WOW! Looking at it that way that is a ton louder, but I have fished maybe 50 or so times with mine and probaly 25 times with the Honda and thereis some difference in noise, but has never seemed to be that much.


----------



## X-Shark (Oct 3, 2007)

Try this at the house. With the boat all set up like you would fish it and the boat not backed up to a larger flat surface like your garage door.



Stand on the boat like you would fish it and have someone slip a piece of plywood in front of the Genny. This will deflect sound toward the rear away from you.



This will give you some kind of idea of what a box would do.



It will only get better as you increase adding sides and a top to it. This is with leaving the A$$ end open for heat to escape and air to circulate.

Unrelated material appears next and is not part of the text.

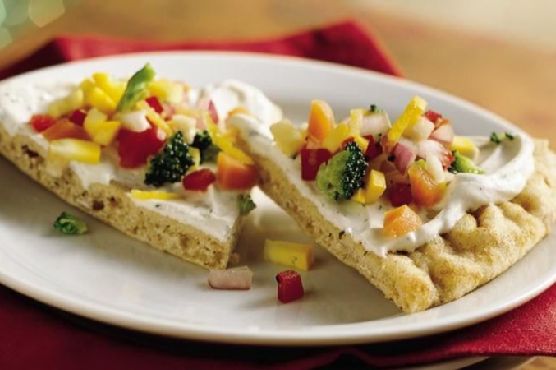 Fresh Vegetable Appetizer Pizzas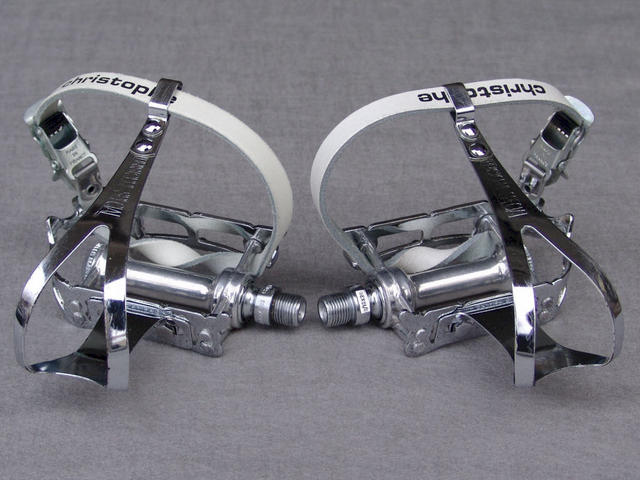 <------------------ SOLD -------------------> Campagnolo Record pedals - toe strap loops - Christophe  clips & strap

Adding sound deadner to the inside of the box will help more.



This is one of my "To Do" projects. The plan is to use 3/8in plywood to keep it on the lighter weight side of things. I will use some light weight glass [6oz] to encapsulate the wood. 

I plan to add doors that will have a small piano hinge and velcro to hold them shut. This is so I can access the controls and starter rope.



But I plan to build a full enclosure. It will have strips of rubber around the bottom perimeter for sound deadening and cushioning.



Here is a example. This is built out of alum and is WAYYYY to expensive. It also would be like getting inside a trash can and have someone beat on it.



http://www.hayesequipment.com/hayes_products.htm



I also plan to add some sound deadening to the inside, like Dynamat.



Something else you may want to look at is the muffler.



http://www.jackssmallengines.com/strapmain.cfm


----------



## Gnwdad (Oct 14, 2007)

> *X-Shark (7/30/2008)*Try this at the house. With the boat all set up like you would fish it and the boat not backed up to a larger flat surface like your garage door.
> 
> Stand on the boat like you would fish it and have someone slip a piece of plywood in front of the Genny. This will deflect sound toward the rear away from you.
> 
> ...


My generator is mounted between my outboard and the back wall on the pontoon, you can talk on a cell phone with hardly any background noise.


----------



## X-Shark (Oct 3, 2007)

Gotcha.


----------



## mniterambler (Jul 28, 2008)

Thanx for all the help prongs and others I will probably be giving these lights a try down the local bays...Maybe I will run up on some of you....sharp gigs!!! and bright lights!:bowdown:usaflag


----------